Beatrice E. Parsons (1870-1955)

Lady Battersea's Rose Garden

Details
Beatrice E. Parsons (1870-1955)
Lady Battersea's Rose Garden
signed 'Beatrice Parsons' (lower right), and inscribed 'No. 9, Rose Garden. The Pleasaunce, Overstrand' (on the backing board)
watercolour with bodycolour
9¾ x 13¾ in. (24.8 x 34.9 cm.)
Provenance
Arthur Greatorex, London.

Lot Essay

In 1888 Lord and Lady Battersea acquired two undistinguished red brick houses known as 'The Cottage' on the coast at Overstrand, near Cromer, in Norfolk. After commissioning the young Edwin Lutyens to remodel them they renamed the house 'The Pleasaunce', and Lord Battersea, who, according to his wife, proved 'an ardent gardener', set about creating a garden of considerable renown. Dramatically situated on the top of a cliff, it boasted, in addition to the rose garden depicted here, a formal garden with a large fountain, a sunken garden reached by cloisters veiled with creepers, a Japanese garden with streams and pagodas, and, beyond an orchard and cricket pitch, a huge 'Tudor' herbaceous border which stretched for a hundred yards on either side of a nine foot path.

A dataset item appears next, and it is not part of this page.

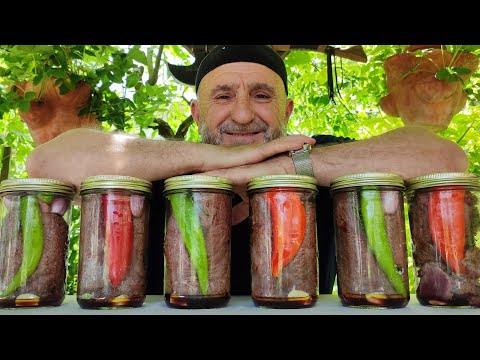 HOW TO STORE BEEF STEAK IN GLASS JARS 🥫 WITHOUT FRIDGE FOR WINTER ❄️ COOKING RECİPE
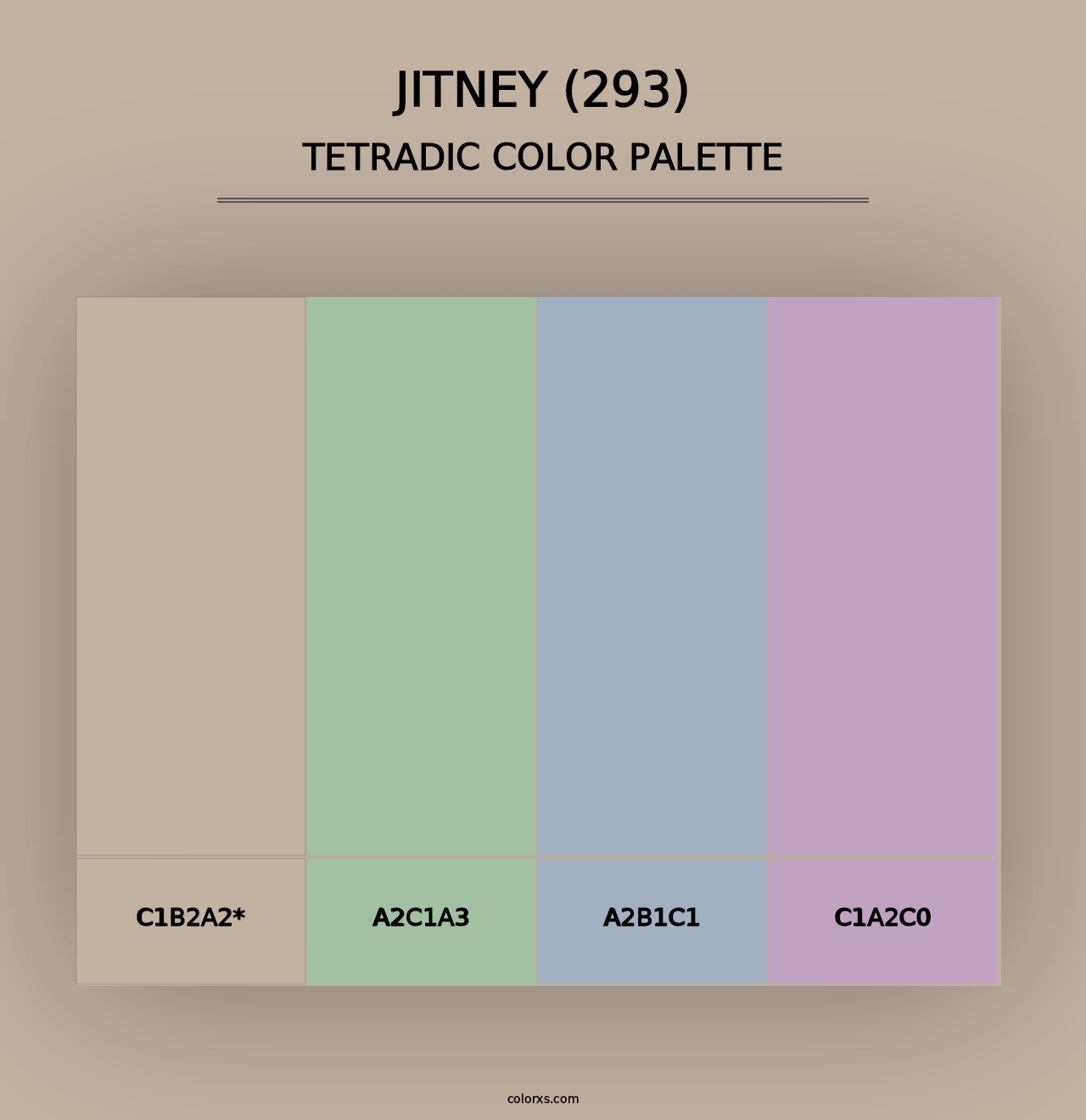 Jitney (293) - Tetradic Color Palette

This view of the rose garden was one of several painted for the Batterseas by Beatrice Parsons who travelled widely in England, France and even North Africa, recording gardens for her patrons. She is best known for her views of 'Old English' gardens, of the type popularised by William Robinson, Inigo Thomas and Gertrude Jeykyll. Many of these she exhibited at the Royal Academy or with Arthur Greatorex and the Dowdeswell Galleries.

Other views by Parsons of the gardens at Overstrand are illustrated in Penelope Hobhouse and Christopher Wood, Painted Gardens, 1988, pp.184-7.